Tensions erupted this week as Banteay Meanchey villagers in a land dispute with the tank unit of RCAF’s Battalion 65 protested a move by land management officials to measure off plots on the disputed land, officials and a villager representative said.
The land management officials ventured to the disputed 97 hectares in Preah Netr Preah district’s Preah Netr Preah commune Monday to mark off plots for the families of the soldiers who are expected to move into the area, said villager representative Nhean Kim Lor.
The dispute began in December after soldiers from the tank unit set up tents on the land, which villagers have farmed since 1994, and claimed it for the army.
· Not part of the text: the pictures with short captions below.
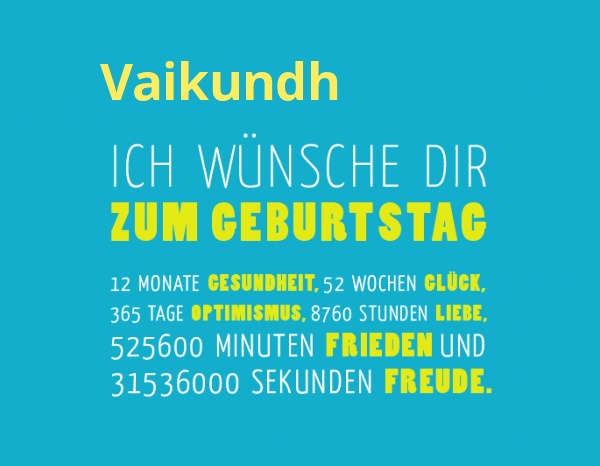 Vaikundh, Ich wünsche dir zum geburtstag... Vaikundh, Ich wünsche dir zum geburtstag...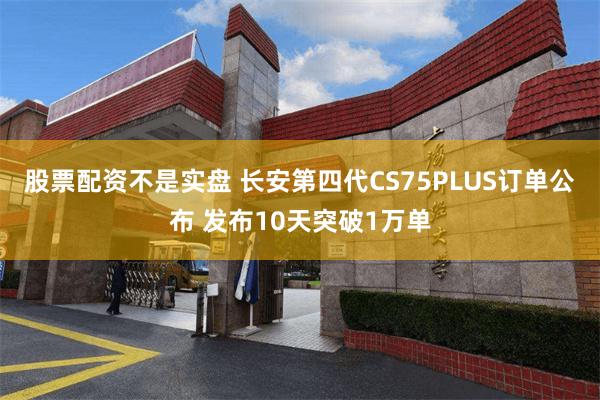 股票配资不是实盘 长安第四代CS75PLUS订单公布 发布10天突破1万单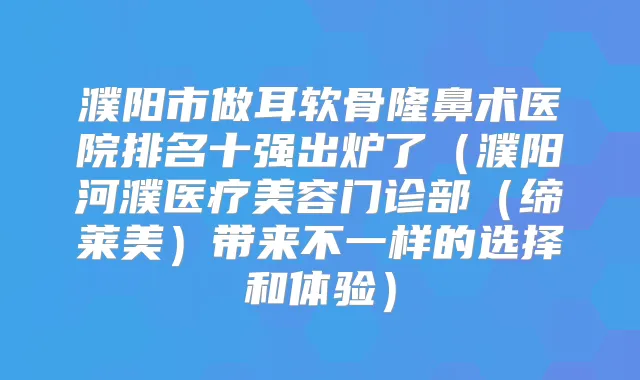 濮阳市做耳软骨隆鼻术医院排名十强出炉了（濮阳河濮医疗美容门诊部（缔莱美）带来不一样的选择和体验）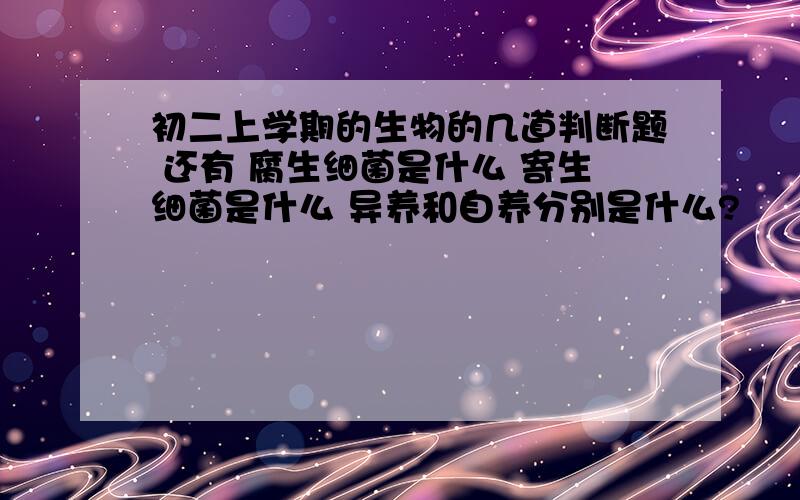 初二上学期的生物的几道判断题 还有 腐生细菌是什么 寄生细菌是什么 异养和自养分别是什么?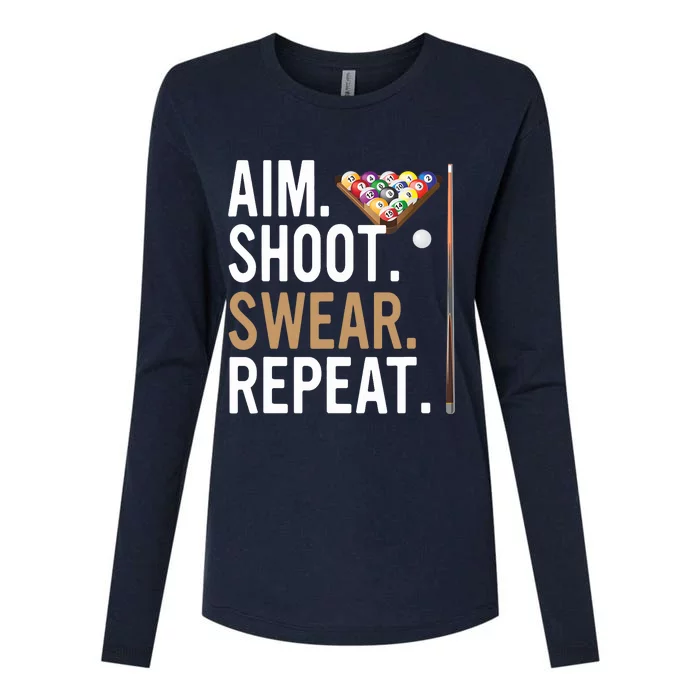 Aim Shoot Swear Repeat - Pool Billiard Womens Cotton Relaxed Long Sleeve T-Shirt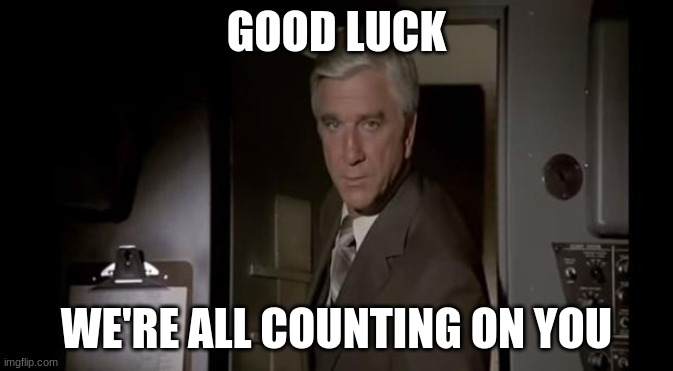 Good Luck, We're All Counting On You | GOOD LUCK WE'RE ALL COUNTING ON YOU | image tagged in good luck we're all counting on you | made w/ Imgflip meme maker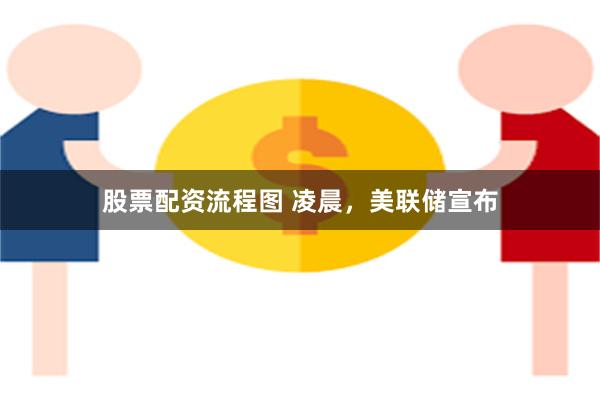 股票配资流程图 凌晨，美联储宣布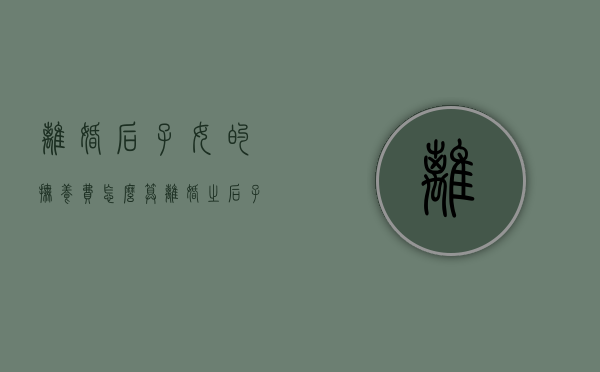 离婚后子女的抚养费怎么算（离婚之后子女抚养费标准）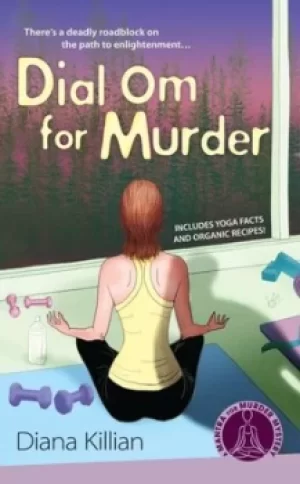 Image of Dial om for murder by Diana Killian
Local officials have said that after the fall of the Khmer Rouge regime the land did serve as a military base, but that troops vacated the land back in 1993.
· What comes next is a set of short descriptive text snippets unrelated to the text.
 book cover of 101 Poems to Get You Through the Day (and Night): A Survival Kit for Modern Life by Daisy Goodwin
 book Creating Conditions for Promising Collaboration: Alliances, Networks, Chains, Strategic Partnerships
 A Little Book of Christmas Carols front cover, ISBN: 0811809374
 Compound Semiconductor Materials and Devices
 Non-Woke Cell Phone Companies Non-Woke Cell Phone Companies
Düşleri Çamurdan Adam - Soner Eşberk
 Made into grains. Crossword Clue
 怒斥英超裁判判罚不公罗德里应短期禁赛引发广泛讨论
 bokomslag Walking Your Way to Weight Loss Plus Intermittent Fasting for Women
“Those land management officials and soldiers were attempting to divide the land into small pieces,” Nhean Kim Lor said. “Then they would offer [a plot] to each soldier’s family to live on.”
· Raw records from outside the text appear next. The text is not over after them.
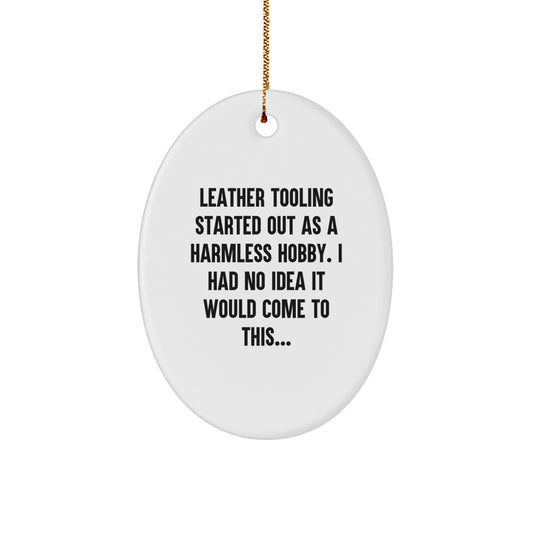 Leather Tooling Fun Oval Ornament Gifts from Friends and Family for Men and Women - Started Out As A Harmless Hobby I Had No Idea It Would Come To This Christmas Decorations - Image 1
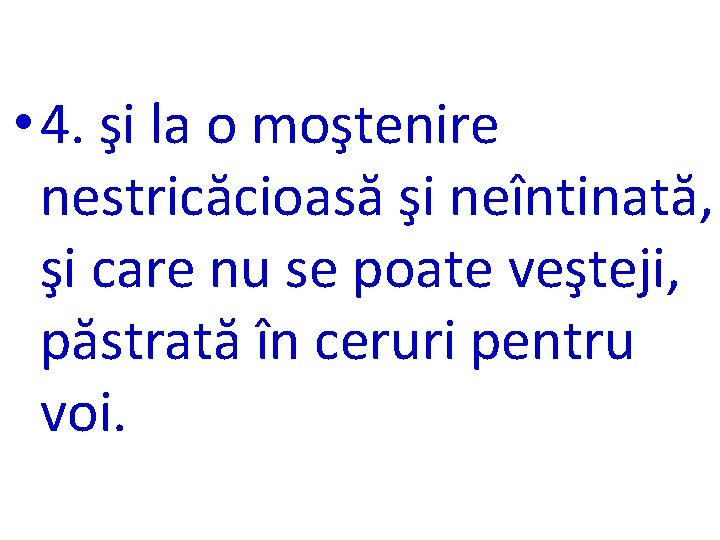  • 4. şi la o moştenire nestricăcioasă şi neîntinată, şi care nu se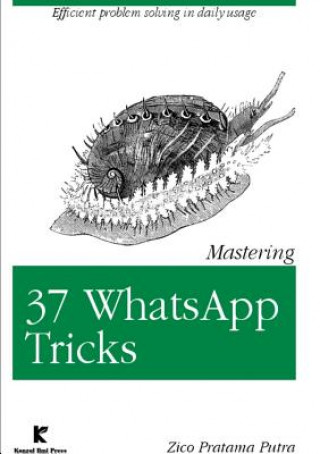 Kniha Mastering 37 Whatsapp Tricks Zico Pratama Putra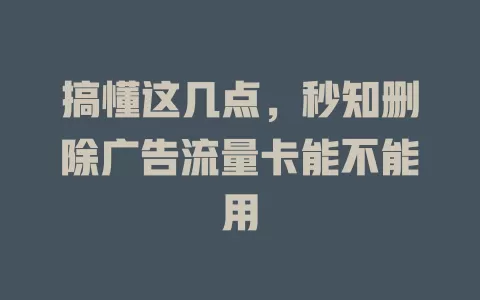 搞懂这几点，秒知删除广告流量卡能不能用
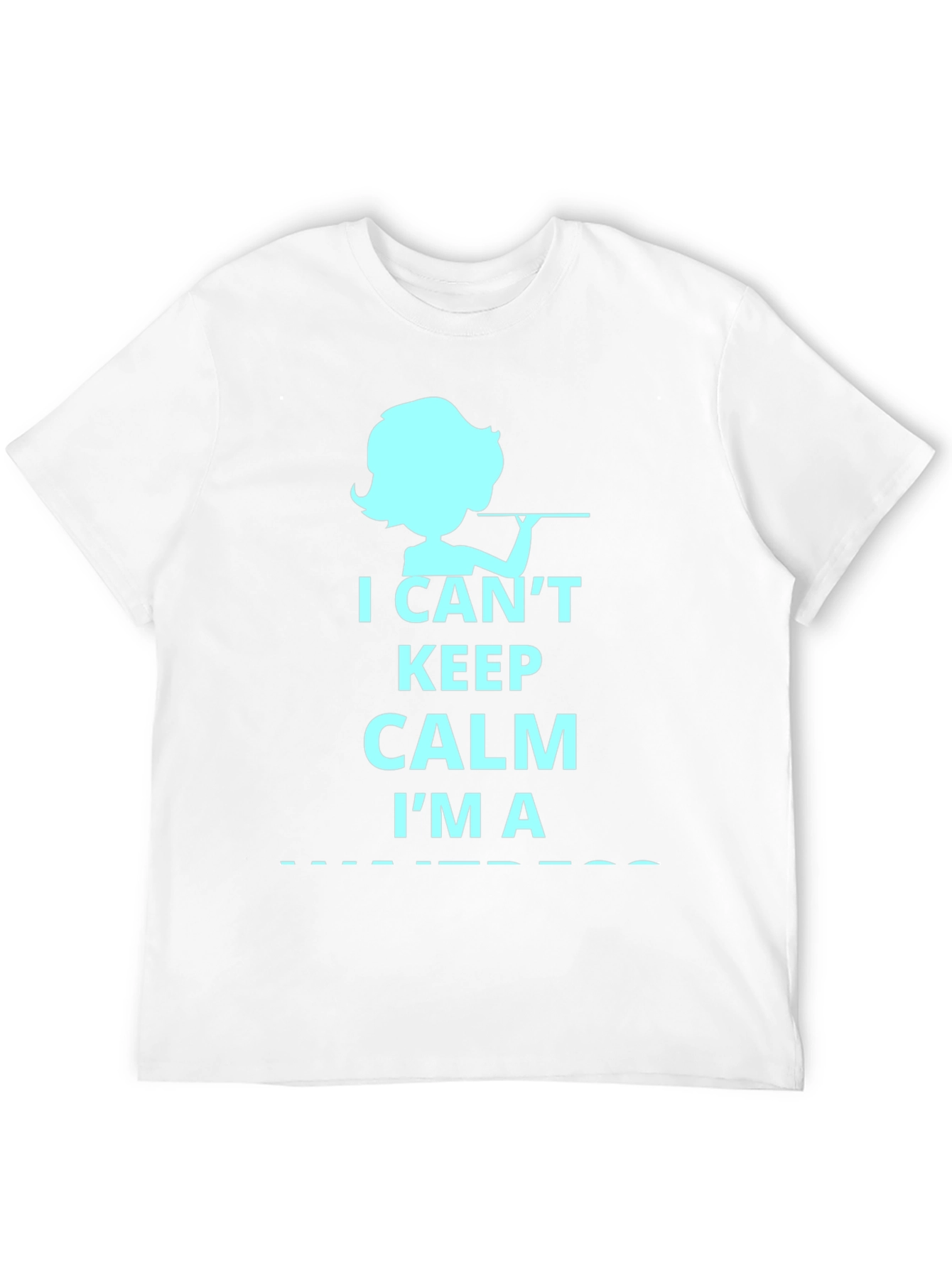 I Cant Keep Calm Im A Waitress T-Shirt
The presence of the officials prompted a protest by villagers, which resulted in the land management surveyors cutting their visit short, she said.
Deputy Provincial Governor Im Phoansophal confirmed the presence of land management officials at the disputed site, but said those officials had no legal right to be there.
“I never ordered those officials to [take measurements], because it is illegal,” he said by telephone Wednesday, adding that he believes the villagers to be in the right regarding this dispute.
He said that he has ordered the district authority to come up with an alternate piece of land for the proposed tank base, because the land currently under dispute is essential to the livelihood of the villagers.
Contacted by telephone Wednesday, the head of RCAF Armored Command, Lanh Kao, said that the disputed land is 100 percent state property and will be used as a military base for his tankers.
“Villagers have no documents to prove their ownership because the land has been the state’s estate since many long years ago,” he said.
But Im Phoansophal disputed that interpretation of events, saying that he has found no documentation showing that the land in questions belongs to the military.
“Banteay Meanchey province was formerly a hot area during the civil war,” he said. “If the military could claim legal ownership of [this] disputed land, then it would seem that everywhere in this province belongs to the military because RCAF bases used to be located everywhere in my province.”